Moreover, under penalty of excommunication _latae
sententiae,_ we forbid all ecclesiastics and religious, of whatsoever
order and institute, both of non-mendicants and mendicants, even those
of the Society of Jesus, as well as the seculars of religious, from
hindering the journey of the aforesaid religious to the above-named
islands, provinces, countries, and kingdoms.
At the same time we exhort most earnestly in the Lord the said
religious who are to be, or even have been, sent to the said places,
to observe uniformity in their instructions to the people, especially
those who have been recently converted to the Christian faith, in order
that such neophytes be not scandalized through conflicting teachings,
especially in matters relating to morals.

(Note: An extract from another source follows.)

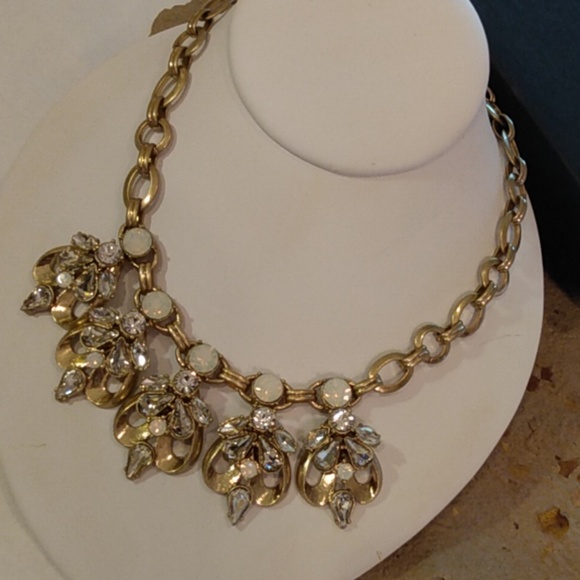 Bella-Jack Prom/Brides Necklace - Picture 3 of 5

Wherefore since in matters of so great concern we hold that care
and watchfulness on the part of the aforesaid are of much avail,
hence we again and again urge them to restrict their teachings to
general principles.
Accordingly, to the end that this be the more easily carried out,
in their instructions to the peoples of the said places in Eastern
India, the said religious shall as far as possible use exclusively the
Roman Catechism, and the "Christian Doctrine" (both small and large) of
Robert Bellarmino, a cardinal of the holy Roman church of good renown,
translated and printed in the dialects of the aforesaid peoples.